Yes. StableLogic provides a full Data Processing Agreement as standard, covering the roles of data controller and data processor, the categories of data processed, retention periods, sub-processor details, and the rights of data subjects. This is provided at contract stage and can be reviewed by your legal and information governance teams prior to signature.

Default retention periods are defined in the service agreement and are configurable to meet your organisation’s data retention policy. Interaction transcripts, recordings, and summaries can be automatically deleted after a defined period. Audit logs are retained for a minimum period to support compliance and complaints handling requirements.
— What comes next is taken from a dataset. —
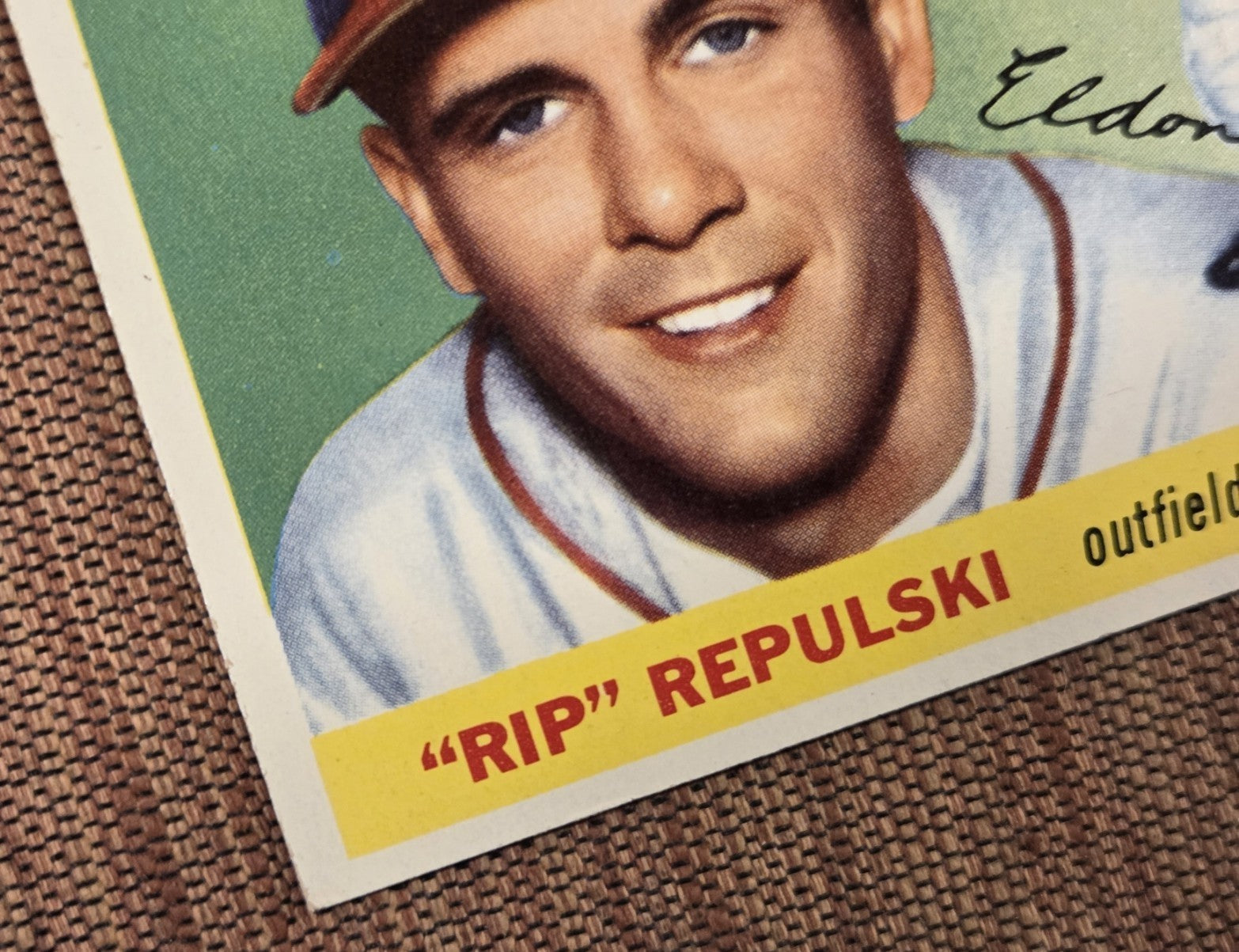 1955 Topps #55 Rip Repulski St. Louis Cardinals Authentic Original Baseball Card4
Safeguarding is built into the solution by design, not as an afterthought. The AI uses real-time sentiment analysis to identify customers who may be distressed, confused, or vulnerable. When these signals are detected, the AI adjusts its behaviour — slowing the interaction, offering clearer options, and proactively offering human escalation. The specific triggers and escalation pathways are defined with each customer during the Security and Guardrails workshop.

The AI is configured with sector-specific safeguarding triggers — for example, references to domestic abuse, mental health crisis, or self-harm — that result in immediate escalation to a human agent and, where appropriate, signposting to relevant support services. These triggers are defined in collaboration with the customer’s safeguarding team before go-live.

All escalation pathways for vulnerable customers are defined, documented, and tested before go-live. The AI’s behaviour in sensitive scenarios is tested as part of the testing phase and reviewed in the first weeks of operation. Human agents who receive escalated vulnerable customer interactions are trained in the context they will receive from the AI handoff.

The option to speak with a human agent is always available and is never suppressed. The AI is designed to offer human escalation proactively in any interaction where it detects complexity, distress, or customer preference. There is no point in any AI-handled interaction where the customer is unable to reach a human if they need to.

The solution operates within a governance framework that is defined and agreed with each customer before go-live. This includes a documented set of policies, guardrails, escalation procedures, and performance metrics. The framework is reviewed at regular intervals and updated as the solution evolves, the customer’s requirements change, or the regulatory environment shifts.

Guardrails are defined during a dedicated Security and Guardrails workshop, which takes place before implementation begins. This workshop identifies the actions the AI is permitted to take, the scenarios in which it must escalate, the language and tone it is permitted to use, and the boundaries of its knowledge and authority. These guardrails are implemented as hard constraints in the system configuration — not as suggestions to the AI.

The AI can take actions of this type only where they are explicitly within the guardrails agreed during the Security and Guardrails workshop, and only within the authorisation boundaries defined by the customer. For high-value or high-risk actions, additional confirmation steps can be built into the workflow — for example, requiring the customer to confirm by SMS before a refund is processed.

For Social Housing, the solution is configured to support compliance with the Housing Ombudsman’s complaint handling requirements, the Regulator of Social Housing’s Transparency, Influence and Accountability standard, and consumer regulation requirements. For Healthcare, the solution is designed to support CQC-aligned service delivery and relevant NHS frameworks. For Public Sector, the solution is designed to meet Government Digital Service (GDS) accessibility standards, including WCAG 2.1 AA. For all regulated sectors, a sector-specific compliance review is included in the discovery phase.

The UK government operates a principles-based approach to AI regulation, built around five cross-sectoral principles: safety, security, fairness, accountability, and transparency. StableLogic’s governance framework is explicitly designed to address all five principles. We monitor developments in UK AI regulation, including the AI Safety Institute’s guidance, and update our governance framework accordingly.